The witness who resides in Kentucky is sufficiently close to the Southern District of Indiana's courthouse in Evansville, Indiana to be subject to that court's subpoena power. (Suppl. Docs. of Def. Koch Ex. 4N); see also FED. R. CIV. P. 45(b)(2).
Plaintiff essentially pursues two distinct theories in this case — a product liability claim against PTC for its design and manufacture of the roller coaster cars and a negligence claim against Koch for its operation of the roller coaster. (Compl. ¶¶ 15-32.) The former could be successfully litigated as easily in Indiana as in Pennsylvania, with experts and relatively few PTC principals/employees testifying regarding the design and manufacture of the roller coaster cars. (Ex.

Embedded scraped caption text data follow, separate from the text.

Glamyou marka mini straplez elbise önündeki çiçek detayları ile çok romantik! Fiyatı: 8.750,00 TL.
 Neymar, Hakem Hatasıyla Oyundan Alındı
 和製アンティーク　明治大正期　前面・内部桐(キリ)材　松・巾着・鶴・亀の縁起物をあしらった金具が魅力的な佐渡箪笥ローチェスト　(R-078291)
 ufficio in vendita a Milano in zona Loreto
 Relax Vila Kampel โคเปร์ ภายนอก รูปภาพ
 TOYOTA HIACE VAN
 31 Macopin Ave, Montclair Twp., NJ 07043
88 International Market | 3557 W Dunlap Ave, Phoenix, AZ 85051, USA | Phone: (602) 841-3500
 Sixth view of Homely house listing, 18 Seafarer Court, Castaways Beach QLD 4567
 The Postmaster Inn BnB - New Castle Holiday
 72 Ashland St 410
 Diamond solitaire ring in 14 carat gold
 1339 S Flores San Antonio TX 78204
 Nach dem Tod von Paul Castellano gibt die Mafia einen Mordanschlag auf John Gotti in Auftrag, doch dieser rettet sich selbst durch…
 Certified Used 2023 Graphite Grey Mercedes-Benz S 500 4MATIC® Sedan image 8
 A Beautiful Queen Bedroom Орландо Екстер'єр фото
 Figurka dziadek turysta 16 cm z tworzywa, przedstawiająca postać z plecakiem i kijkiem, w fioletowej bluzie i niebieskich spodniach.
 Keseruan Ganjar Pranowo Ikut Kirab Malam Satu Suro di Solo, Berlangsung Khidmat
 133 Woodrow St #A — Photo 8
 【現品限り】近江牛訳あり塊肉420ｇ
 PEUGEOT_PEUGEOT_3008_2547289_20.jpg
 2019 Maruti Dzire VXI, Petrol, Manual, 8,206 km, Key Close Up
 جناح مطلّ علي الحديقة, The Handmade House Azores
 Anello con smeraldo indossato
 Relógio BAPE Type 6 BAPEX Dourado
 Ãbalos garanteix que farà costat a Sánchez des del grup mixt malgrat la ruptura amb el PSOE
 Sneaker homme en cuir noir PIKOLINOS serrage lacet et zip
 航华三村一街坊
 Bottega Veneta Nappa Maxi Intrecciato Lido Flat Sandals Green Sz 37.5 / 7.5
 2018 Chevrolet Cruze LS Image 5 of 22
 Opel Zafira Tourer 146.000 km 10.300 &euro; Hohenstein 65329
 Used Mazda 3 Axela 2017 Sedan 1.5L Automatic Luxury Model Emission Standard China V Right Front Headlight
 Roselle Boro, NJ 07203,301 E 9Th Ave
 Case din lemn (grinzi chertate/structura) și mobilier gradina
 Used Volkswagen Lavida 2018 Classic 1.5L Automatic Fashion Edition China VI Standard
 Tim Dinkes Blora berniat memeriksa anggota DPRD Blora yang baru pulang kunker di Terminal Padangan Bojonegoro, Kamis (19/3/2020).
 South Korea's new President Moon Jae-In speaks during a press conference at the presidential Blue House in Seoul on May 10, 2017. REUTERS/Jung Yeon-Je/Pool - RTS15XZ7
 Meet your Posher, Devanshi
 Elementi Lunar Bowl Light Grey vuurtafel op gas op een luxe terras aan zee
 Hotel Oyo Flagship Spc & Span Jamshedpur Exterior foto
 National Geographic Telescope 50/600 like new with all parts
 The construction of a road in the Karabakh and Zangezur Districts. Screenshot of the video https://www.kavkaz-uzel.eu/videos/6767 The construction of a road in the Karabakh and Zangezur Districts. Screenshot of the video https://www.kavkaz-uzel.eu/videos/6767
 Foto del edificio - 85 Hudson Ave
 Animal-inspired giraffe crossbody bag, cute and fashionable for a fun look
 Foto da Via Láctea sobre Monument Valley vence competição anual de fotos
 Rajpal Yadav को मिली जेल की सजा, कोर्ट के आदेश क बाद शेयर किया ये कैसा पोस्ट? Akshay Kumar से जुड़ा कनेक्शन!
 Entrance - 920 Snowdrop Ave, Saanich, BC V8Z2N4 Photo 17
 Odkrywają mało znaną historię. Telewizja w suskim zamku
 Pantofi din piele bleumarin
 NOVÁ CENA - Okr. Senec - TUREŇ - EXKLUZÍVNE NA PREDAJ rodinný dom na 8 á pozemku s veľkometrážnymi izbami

B of Reply Br. in Resp. to Pl.'s Br. in Opp'n to Def. PTC's Mot. to Dismiss (noting that PTC has eleven employees, but only two principals likely to testify, both of whom are willing to travel to Indiana); R. at 37.) On the other hand, the latter must be litigated in Indiana to ensure a fair and just outcome of the negligence claim against Koch. The material testimony of numerous non-party witnesses, as documented in Defendants' supporting submissions to the Court, will be crucial to a jury's assessment of Defendant Koch's liability for this tragic accident. In weighing the Jumara factors and considering the interests of justice, the Court finds that transferring this case to the Southern District of Indiana is warranted. Thus, Defendants' motions to transfer this case are granted.
IV. CONCLUSION
For the reasons discussed above, Defendants' motions to dismiss are granted in part and denied in part, and this action is transferred to the Southern District of Indiana. An appropriate Order follows.
Given the Court's decision to transfer this action, the Court need not rule on Defendants' motions to dismiss the strict liability and breach of implied warranty claims and to strike Plaintiff's request for punitive damages and costs of suit, as these matters now fall within the province of the transferee court to resolve.
ORDER
AND NOW, this 18th day of October, 2005, upon consideration of Defendants' Motions to Dismiss, Plaintiff's responses thereto, Defendants' replies thereon, and for the foregoing reasons, it is hereby ORDERED that:
1. Defendant Koch Development Corporation's Motion to Dismiss (Document No. 8) is GRANTED in part and DENIED in part, as follows:
a. Motion to dismiss for lack of personal jurisdiction is DENIED;
b. Motion to dismiss for improper venue is DENIED;
c. Motion to transfer venue is GRANTED.
2. Defendant Philadelphia Toboggan Coasters, Inc.'s Motion to Dismiss (Document No. 22) is GRANTED in part and DENIED in part, as follows:
a. Motion to dismiss for improper venue is DENIED;
b. Motion to transfer venue is GRANTED.
3. This case is TRANSFERRED to the United States District Court for the Southern District of Indiana.
4. The Clerk of Court is directed to close this case for statistical purposes.